Cuidabas mucho tus expresiones, hablabas con elegante pulcritud, permitiéndote a veces un toque culturoso, pero festejabas cuando el interlocutor sabía retrucarte, liberándote de la impostación. Como aquella vez que coronaste una interpretación a una paciente aludiendo a un capitis diminutio y la dama –nos contaste divertido- incorporándose en el diván te había dicho: “¿Comio, doctor?”. O la vez que durante una supervisión grupal una colega se había referido, en relación con un fragmento de análisis, que eso no podía ser así “bajo ningún punto de vista” y vos la detuviste: “No, fulana, no es bajo ningún punto de vista sino desde ningún punto de vista. Porque tú no puedes ponerte debajo de un punto”. Suelta de cuerpo, ella te respondió: “Eso es lo que usted se cree”. Tenía razón, a más de uno le constaba.

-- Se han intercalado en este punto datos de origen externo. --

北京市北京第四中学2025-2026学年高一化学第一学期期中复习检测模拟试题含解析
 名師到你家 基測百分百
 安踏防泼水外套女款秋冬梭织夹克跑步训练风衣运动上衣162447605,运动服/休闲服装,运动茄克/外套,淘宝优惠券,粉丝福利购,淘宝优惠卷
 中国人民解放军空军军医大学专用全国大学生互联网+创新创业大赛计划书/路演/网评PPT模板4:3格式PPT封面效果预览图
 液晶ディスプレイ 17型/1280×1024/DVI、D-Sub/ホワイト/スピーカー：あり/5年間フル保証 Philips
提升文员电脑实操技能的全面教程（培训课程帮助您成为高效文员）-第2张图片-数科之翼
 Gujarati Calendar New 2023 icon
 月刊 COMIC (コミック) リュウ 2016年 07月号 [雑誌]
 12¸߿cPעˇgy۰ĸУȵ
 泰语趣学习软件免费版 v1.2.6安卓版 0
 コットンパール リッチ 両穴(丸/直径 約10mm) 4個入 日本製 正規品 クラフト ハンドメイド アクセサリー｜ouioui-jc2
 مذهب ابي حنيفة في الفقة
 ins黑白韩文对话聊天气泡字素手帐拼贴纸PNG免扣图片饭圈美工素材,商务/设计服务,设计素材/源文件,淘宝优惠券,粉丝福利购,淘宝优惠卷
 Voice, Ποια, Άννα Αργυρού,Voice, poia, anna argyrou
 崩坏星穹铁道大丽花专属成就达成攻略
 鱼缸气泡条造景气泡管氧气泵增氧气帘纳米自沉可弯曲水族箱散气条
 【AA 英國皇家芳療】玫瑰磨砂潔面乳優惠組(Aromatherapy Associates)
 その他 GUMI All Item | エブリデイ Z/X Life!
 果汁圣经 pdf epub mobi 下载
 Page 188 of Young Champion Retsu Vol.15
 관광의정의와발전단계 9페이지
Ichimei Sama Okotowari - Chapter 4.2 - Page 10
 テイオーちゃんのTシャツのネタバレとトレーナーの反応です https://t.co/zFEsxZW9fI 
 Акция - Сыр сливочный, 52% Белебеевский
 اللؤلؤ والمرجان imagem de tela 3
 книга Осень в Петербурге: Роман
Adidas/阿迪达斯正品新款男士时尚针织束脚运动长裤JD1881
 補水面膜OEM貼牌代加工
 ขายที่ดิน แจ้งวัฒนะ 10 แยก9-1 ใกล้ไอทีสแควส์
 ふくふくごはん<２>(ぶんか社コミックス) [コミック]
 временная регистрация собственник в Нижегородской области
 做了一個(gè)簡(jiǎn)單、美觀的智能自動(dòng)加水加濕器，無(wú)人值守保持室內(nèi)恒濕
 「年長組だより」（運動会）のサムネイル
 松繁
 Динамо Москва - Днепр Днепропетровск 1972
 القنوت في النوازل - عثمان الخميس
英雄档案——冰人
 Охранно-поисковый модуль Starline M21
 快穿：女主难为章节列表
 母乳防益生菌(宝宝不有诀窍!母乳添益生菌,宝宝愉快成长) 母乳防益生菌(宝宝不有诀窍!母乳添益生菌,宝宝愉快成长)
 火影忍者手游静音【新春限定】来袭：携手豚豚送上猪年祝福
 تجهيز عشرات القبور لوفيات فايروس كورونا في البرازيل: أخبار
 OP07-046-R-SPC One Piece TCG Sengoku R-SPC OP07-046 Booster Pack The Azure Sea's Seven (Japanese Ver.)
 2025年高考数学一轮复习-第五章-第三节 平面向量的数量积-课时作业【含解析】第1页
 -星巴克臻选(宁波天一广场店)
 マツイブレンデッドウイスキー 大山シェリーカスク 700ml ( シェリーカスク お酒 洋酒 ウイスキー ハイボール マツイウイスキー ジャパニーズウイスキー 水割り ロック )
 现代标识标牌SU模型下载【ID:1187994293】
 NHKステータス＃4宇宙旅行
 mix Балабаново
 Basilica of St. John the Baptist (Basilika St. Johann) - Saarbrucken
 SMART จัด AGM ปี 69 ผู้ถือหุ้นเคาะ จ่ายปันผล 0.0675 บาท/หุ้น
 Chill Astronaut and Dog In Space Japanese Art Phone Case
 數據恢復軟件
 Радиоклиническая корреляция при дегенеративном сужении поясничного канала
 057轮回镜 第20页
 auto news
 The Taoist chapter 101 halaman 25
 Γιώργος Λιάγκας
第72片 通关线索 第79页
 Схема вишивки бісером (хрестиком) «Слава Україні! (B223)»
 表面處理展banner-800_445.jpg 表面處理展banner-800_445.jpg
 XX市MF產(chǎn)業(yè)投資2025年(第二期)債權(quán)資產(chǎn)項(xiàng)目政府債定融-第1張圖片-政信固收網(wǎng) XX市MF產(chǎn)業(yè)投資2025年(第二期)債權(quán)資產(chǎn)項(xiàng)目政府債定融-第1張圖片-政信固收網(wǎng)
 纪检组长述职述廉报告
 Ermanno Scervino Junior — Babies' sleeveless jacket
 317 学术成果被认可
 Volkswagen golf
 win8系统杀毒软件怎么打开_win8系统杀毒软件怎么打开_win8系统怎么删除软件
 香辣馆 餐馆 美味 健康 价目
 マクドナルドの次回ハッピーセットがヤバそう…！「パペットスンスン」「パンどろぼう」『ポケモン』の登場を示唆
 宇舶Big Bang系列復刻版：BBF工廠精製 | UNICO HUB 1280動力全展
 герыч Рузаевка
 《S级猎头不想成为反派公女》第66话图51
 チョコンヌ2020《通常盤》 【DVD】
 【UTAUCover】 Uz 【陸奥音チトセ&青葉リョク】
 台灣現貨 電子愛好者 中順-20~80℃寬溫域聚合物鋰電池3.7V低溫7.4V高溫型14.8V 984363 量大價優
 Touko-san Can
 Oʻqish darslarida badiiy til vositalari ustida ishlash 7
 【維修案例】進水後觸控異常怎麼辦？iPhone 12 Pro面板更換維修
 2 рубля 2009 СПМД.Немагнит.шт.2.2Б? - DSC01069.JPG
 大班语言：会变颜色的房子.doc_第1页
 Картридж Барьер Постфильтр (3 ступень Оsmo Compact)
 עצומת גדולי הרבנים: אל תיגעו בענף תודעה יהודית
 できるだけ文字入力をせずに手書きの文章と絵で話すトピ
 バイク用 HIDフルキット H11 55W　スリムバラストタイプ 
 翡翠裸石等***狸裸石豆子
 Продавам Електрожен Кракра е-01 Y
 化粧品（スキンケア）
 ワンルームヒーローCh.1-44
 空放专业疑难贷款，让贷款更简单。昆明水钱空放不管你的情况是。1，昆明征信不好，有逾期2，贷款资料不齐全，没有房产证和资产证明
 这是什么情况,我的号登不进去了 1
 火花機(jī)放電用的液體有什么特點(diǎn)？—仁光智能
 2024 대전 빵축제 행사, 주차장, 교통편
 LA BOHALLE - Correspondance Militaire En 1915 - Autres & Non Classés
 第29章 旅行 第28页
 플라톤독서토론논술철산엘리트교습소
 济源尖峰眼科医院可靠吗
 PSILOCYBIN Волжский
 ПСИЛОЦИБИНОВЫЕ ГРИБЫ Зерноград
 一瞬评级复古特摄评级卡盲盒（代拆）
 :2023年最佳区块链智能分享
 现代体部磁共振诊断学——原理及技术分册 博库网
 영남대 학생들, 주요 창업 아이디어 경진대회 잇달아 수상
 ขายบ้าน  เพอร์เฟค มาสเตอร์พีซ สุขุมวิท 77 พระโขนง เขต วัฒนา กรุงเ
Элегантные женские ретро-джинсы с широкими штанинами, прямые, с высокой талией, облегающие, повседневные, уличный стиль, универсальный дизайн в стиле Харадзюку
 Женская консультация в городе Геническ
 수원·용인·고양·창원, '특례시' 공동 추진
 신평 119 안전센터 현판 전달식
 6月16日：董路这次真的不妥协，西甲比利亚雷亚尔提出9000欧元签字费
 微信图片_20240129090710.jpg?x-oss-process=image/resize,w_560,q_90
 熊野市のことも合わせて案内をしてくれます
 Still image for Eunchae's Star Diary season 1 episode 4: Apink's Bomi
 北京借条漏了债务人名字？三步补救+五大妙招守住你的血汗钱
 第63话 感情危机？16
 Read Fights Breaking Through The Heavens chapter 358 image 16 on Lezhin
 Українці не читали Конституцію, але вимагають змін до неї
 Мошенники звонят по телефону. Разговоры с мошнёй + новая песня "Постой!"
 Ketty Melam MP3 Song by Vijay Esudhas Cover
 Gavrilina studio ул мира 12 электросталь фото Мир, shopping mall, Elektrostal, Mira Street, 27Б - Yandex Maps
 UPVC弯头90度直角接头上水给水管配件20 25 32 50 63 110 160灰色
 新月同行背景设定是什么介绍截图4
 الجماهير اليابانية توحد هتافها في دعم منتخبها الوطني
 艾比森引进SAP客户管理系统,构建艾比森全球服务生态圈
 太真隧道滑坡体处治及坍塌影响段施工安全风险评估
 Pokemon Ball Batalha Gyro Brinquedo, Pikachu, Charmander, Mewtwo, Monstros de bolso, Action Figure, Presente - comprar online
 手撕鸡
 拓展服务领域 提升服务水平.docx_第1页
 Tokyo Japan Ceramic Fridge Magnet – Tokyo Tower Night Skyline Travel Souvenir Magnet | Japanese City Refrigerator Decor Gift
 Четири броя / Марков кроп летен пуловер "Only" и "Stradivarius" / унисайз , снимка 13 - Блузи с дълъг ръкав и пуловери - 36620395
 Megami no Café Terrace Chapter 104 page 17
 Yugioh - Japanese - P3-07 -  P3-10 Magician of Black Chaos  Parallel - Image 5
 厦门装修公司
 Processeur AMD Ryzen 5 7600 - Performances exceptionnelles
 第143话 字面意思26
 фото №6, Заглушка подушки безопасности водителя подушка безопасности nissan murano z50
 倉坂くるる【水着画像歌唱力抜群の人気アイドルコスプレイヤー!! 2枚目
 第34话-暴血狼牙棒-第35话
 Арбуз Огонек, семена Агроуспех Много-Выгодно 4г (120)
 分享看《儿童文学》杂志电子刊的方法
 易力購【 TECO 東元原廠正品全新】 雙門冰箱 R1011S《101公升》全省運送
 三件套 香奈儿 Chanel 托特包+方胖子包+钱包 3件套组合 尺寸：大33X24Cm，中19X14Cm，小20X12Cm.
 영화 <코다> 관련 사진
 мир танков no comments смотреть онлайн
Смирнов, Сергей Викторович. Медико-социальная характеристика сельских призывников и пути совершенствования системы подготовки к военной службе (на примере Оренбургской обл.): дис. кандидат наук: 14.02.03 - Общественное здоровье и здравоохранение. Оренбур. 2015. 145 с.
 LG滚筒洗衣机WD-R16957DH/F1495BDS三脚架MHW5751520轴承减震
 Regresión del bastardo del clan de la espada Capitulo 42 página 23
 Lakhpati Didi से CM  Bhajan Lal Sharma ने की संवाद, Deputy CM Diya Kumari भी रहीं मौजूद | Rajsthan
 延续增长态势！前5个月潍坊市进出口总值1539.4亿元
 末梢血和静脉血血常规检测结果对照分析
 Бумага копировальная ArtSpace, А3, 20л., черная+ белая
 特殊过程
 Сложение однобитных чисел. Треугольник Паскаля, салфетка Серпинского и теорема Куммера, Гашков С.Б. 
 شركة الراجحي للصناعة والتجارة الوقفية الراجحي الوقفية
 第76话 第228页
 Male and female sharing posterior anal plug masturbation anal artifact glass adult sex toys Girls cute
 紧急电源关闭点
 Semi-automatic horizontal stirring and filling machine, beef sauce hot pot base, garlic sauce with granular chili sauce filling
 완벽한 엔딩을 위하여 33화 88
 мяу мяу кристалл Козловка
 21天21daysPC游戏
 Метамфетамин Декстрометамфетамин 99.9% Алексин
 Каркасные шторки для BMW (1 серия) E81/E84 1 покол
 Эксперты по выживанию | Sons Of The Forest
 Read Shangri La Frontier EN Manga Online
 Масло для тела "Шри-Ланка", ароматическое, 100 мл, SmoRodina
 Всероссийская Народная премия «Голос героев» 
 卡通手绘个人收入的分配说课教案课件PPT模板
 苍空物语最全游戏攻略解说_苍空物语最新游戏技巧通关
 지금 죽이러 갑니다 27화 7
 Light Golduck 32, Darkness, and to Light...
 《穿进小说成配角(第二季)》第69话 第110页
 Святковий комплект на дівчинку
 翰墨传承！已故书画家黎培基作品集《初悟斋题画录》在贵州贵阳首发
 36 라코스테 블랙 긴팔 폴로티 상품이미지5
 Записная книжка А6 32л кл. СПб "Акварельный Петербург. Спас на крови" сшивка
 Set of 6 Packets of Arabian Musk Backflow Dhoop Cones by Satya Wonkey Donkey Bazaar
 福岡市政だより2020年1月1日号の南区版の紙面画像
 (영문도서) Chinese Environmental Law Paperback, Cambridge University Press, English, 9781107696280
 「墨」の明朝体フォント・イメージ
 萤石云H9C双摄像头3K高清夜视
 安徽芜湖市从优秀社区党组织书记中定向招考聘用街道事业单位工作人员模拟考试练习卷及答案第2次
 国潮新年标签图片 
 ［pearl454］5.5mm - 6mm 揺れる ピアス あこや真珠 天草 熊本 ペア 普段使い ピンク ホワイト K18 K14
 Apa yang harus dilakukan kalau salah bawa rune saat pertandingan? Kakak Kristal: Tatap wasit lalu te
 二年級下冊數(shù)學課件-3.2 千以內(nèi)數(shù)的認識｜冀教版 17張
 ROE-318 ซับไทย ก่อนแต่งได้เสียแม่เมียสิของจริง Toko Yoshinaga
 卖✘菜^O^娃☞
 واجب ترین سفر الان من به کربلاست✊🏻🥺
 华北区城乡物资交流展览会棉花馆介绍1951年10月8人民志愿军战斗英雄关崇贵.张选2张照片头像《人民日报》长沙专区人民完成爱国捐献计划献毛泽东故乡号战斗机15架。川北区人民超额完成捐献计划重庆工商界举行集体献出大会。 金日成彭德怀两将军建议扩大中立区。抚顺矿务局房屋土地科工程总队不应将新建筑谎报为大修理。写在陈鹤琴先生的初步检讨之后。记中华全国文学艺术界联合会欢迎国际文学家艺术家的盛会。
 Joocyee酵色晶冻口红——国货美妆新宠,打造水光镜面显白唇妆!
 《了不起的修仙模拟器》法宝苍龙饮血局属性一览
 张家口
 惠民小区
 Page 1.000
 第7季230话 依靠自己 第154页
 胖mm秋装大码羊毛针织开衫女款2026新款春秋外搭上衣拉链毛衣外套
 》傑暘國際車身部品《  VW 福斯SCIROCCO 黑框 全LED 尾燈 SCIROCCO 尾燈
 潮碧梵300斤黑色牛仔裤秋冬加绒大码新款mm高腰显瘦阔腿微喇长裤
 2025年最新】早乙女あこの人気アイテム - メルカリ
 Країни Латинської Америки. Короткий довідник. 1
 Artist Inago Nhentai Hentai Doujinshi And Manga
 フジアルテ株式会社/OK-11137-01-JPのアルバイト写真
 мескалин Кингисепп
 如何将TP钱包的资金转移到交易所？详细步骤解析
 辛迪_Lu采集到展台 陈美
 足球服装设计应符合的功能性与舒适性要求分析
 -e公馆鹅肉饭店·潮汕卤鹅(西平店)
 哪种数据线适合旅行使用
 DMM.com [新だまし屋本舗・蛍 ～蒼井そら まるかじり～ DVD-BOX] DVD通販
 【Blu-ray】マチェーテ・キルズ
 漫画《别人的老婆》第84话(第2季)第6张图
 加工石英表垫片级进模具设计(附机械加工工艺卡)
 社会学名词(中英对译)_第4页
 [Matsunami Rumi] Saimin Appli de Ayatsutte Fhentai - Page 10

Fuiste un experto relojero. Recuerdo que cuando estabas casi ciego por los desprendimientos de retina reconociste una noche –habías venido a cenar a nuestra casa, Martha era tan discípula tuya como yo-, en las campanadas del reloj de pared a un antiguo reloj de estación. Pero no sabías, o lo sabías muy bien, que tu tiempo no era cronológico.
Ahora, que han pasado años desde que con tu muerte me apagué para ti, quiero decir que de vez en cuando tu presencia retorna a mi intimidad. Como ahora que te escribo, querido Luis.